High electricity charges have always been a big issue for operators. According to earlier data, the annual electricity expense of China's three major operators (China Mobile, China Unicom, China Telecom) even exceeded 30% of their employee’ salaries. In the coming 5G era, more wireless base stations will be deployed. Test results from China Mobile show that the power consumption of 5G base stations is several times higher than that of 4G base stations, which may bring huge electricity costs. In the beginning of 2019, China Telecom made four measures to reduce costs, the first of which was to reduce electricity fees.
The number of base stations accounts for 70% of devices in a mobile network. With the increase in coverage, capacity, and the number of sites, the power consumption of base stations accounts for more than half of the mobile network, even up to 80%. Therefore, site energy saving is the top priority of power saving for operators. Reasonable network planning and NE-level power saving are two important aspects of ZTE's non-AI power saving solutions:
—Reasonable network planning means that through network planning and optimization, the minimum number of sites are deployed to meet the requirements of network capacity and power saving. Coverage efficiency is improved while invalid system overheads can also be reduced.
—NE-level power saving can be applied to more scenarios. Multi-layer shutdown including cell shutdown, channel shutdown, and symbol shutdown, which is widely used all over the world, is the most effective power saving solution for traditional network elements.
By June 2019, NE-level power saving solution had been commercially used in nearly 40,000 sites with China Telecom and China Unicom, and almost 20,000 sites overseas had also enabled the solution. According to statistics, up to 10% power consumption are saved, bringing a considerable Opex saving to operators.

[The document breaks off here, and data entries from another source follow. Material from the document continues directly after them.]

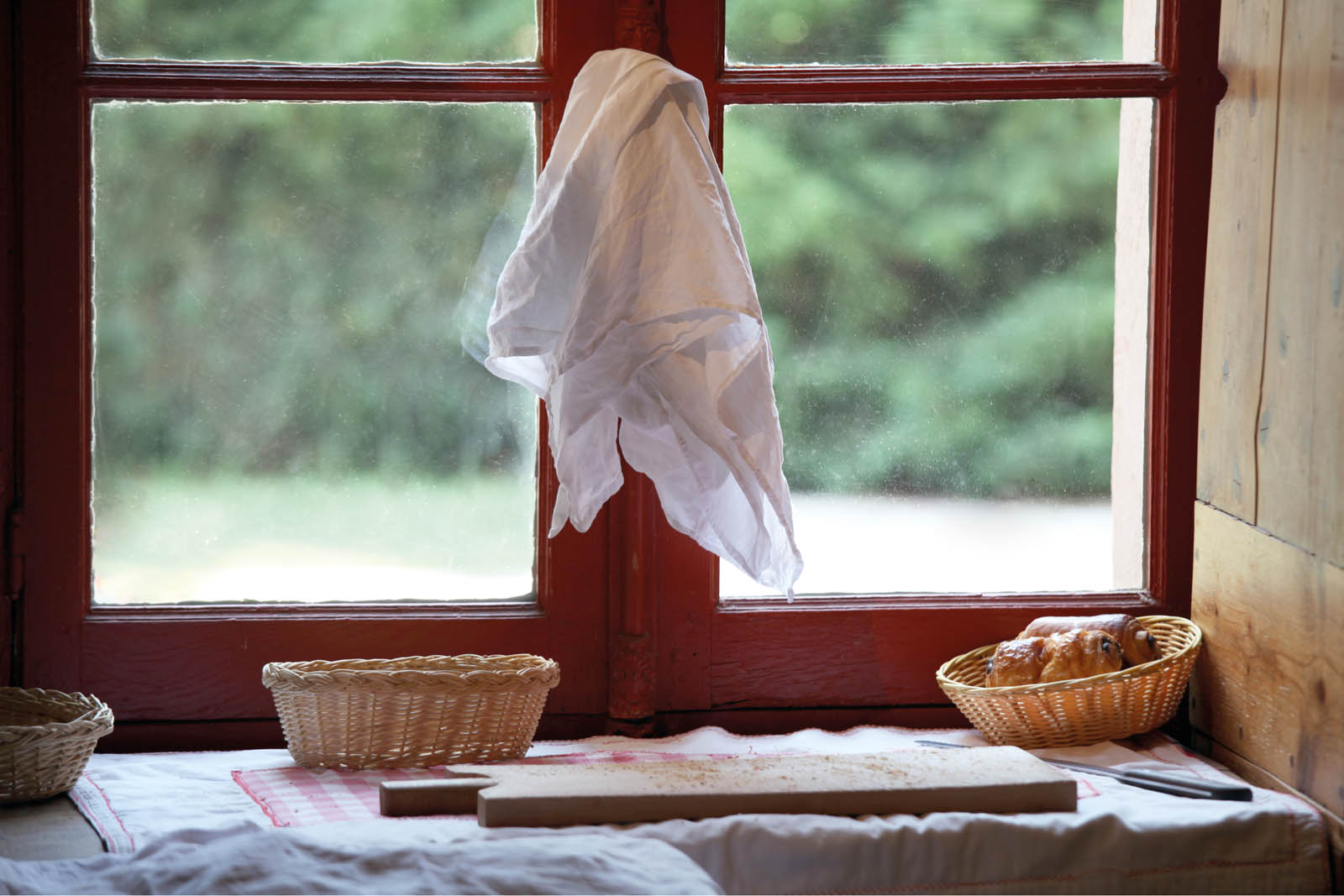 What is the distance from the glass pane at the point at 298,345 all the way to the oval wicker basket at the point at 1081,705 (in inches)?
26.3

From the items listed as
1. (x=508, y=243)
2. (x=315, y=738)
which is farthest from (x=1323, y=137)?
(x=315, y=738)

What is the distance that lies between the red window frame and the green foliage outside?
35 millimetres

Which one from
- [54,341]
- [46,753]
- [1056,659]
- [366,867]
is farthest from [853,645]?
[54,341]

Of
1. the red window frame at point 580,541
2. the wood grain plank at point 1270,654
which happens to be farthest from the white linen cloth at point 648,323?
the wood grain plank at point 1270,654

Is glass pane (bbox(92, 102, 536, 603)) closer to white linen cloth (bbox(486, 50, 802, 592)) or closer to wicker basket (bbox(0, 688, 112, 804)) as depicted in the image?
white linen cloth (bbox(486, 50, 802, 592))

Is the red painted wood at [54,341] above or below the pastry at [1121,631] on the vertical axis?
above

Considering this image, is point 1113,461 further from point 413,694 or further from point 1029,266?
point 413,694

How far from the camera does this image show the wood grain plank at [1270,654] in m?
1.48

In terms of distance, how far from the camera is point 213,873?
1.23 m

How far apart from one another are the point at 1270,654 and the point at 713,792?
26.3 inches

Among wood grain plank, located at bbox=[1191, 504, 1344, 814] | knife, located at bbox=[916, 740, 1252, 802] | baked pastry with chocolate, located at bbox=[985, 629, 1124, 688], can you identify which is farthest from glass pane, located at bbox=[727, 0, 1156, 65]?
knife, located at bbox=[916, 740, 1252, 802]

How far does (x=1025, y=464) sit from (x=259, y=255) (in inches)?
41.1

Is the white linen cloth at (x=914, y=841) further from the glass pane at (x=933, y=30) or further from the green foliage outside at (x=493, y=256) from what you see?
the glass pane at (x=933, y=30)

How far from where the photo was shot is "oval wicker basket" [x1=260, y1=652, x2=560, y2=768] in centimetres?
158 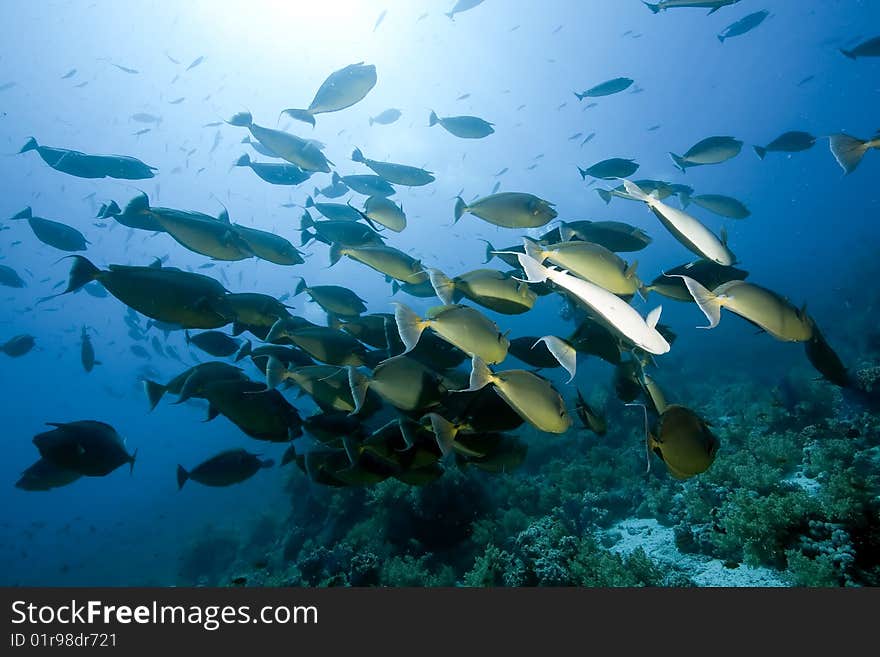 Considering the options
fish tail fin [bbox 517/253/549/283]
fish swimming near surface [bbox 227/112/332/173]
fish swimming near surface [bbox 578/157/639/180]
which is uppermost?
fish swimming near surface [bbox 227/112/332/173]

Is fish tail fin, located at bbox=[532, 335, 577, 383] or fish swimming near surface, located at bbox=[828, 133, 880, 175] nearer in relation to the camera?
fish tail fin, located at bbox=[532, 335, 577, 383]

However, challenges of the non-AI power saving solution are also obvious. First, the solution is not flexible. To simplify the deployment complexity, unified parameters would be configured in one region even the whole network without scenario identification, which may be poor matched to the real traffic variation. Second, the solution does not support sustainable evolution. Once there are changes in network architecture, such as the increase or decrease in the number of cells, the changes in neighbor cell relationship, or the changes in traffic, the previous power saving policy may be completely invalid. Third, the solution has poor adaptability. A large number of field or remote support personnel are needed. They speed much more time in analyzing KPIs, traffic load, and trial results.

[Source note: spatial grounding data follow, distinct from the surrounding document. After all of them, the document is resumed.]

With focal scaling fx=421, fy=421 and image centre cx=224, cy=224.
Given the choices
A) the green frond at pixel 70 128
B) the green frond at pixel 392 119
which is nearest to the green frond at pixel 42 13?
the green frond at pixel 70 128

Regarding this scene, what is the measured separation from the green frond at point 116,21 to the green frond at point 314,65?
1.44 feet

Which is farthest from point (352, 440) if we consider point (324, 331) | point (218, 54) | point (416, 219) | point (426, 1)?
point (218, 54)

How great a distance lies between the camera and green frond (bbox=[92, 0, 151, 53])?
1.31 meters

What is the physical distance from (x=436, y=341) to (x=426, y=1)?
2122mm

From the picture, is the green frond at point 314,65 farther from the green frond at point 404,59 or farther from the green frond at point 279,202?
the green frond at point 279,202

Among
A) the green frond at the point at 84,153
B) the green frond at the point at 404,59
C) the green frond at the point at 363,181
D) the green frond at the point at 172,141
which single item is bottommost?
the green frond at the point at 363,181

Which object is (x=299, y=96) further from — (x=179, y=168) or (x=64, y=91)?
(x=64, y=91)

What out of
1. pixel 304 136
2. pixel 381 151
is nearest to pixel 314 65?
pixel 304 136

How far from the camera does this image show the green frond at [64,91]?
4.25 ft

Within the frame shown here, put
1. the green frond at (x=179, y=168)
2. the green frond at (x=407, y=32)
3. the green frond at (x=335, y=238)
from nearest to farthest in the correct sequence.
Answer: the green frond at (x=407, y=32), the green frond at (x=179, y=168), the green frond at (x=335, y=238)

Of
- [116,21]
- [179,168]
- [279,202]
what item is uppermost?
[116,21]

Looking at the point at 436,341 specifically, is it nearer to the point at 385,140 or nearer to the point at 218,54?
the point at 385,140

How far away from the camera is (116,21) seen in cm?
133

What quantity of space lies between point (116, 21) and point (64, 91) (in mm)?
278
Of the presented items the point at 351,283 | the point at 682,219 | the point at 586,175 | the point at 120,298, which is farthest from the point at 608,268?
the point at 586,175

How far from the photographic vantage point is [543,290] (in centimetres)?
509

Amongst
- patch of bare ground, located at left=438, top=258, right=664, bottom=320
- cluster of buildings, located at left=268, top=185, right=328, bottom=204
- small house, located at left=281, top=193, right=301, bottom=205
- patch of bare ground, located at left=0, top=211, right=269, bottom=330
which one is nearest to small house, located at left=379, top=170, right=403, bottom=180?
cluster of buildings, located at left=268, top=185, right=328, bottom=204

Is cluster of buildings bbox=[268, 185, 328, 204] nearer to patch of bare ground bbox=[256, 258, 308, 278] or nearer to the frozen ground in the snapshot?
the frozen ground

It is therefore necessary to develop an intelligent and self-adaptive power saving solution. With the help of three AI capabilities such as data perception, AI analysis, and intent insight, AI accelerators are introduced to provide rapid AI training and reasoning for intelligent O&M where power saving and network optimization are particularly important.
Through network prediction, strategy adjustment and optimization, and real-time KPI monitoring, the AI power saving solution forms a closed loop that can find a balance between power saving and network performance with little labor cost.
Time-based power saving:
Network load and user behavior can be predicted through historical data analysis. Autoregressive integrated moving average model (ARIMA), long short-term memory (LSTM) and Facebook's Prophet are used for time series prediction. Instead of setting up unified parameters, cell-based time window ensures more activation time for power saving.
Threshold-based power saving:
Different triggered thresholds are used for different scenario through prediction of RRC connected users and PRB usage. Comparing the predicted value with the real-time traffic based on 15 minutes granularity, the prediction accuracy exceeds 90%, which means strategy and scenario recognition cell by cell improves enforceability.
KPI-based power saving:
Network KPIs such as call setup success rate, drop rate, handover success rate and throughput, average power consumption and user experience are monitored in real time for policy optimization. Real-time policy roll-back is allowed in AI power saving. Gains of power saving improve with little impact on the network.
ZTE and China Unicom has deployed the AI power saving solution in Shandong, China, since June 2019. The commercial trial involves three phases. In the Phase I,167 cells including LTE single mode, GL multi-mode, and dual-band LTE enabled AI power saving. In the Phase II, more than 1,000 cells enabled AI power saving, both time window and threshold adjustment were trialed. In the Phase III, more than 10,000 cells will enable AI power saving in batches. Cell shutdown, channel shutdown, and symbol shutdown are all trialed based on site configuration.
The two trials verify that time for power saving activation has increased by 50% to 80%, and more than 10% to 30% power has been saved compared to the non-AI solution. Almost 3 kWh/day per site has been saved in Shandong, China.
Based on the trial results, we can make a simple calculation: With the AI power saving, 2 to 3 kWh/day per site would be saved in Shandong, China. When 10,000 cells (3300 sites) enables the AI power saving, 2.5 million kWh of electricity will be saved each year. If the average cost of commercial electricity is 1 yuan/kWh, 2.5 million yuan can be save to China Unicom in Shandong only. To operators, more real money is saved based on the AI power saving.
Of course, network-wide intelligence is difficult to achieve overnight, and it needs to go through a long-term development. However, with the continuous accumulation of commercial data samples, the best self-learning algorithm for AI power saving could be gradually approached. AI power saving will also be evolved to obtain more sample points and improve AI algorithms. It will help to reduce the network carbon footprint and create a greener intelligent network in the future.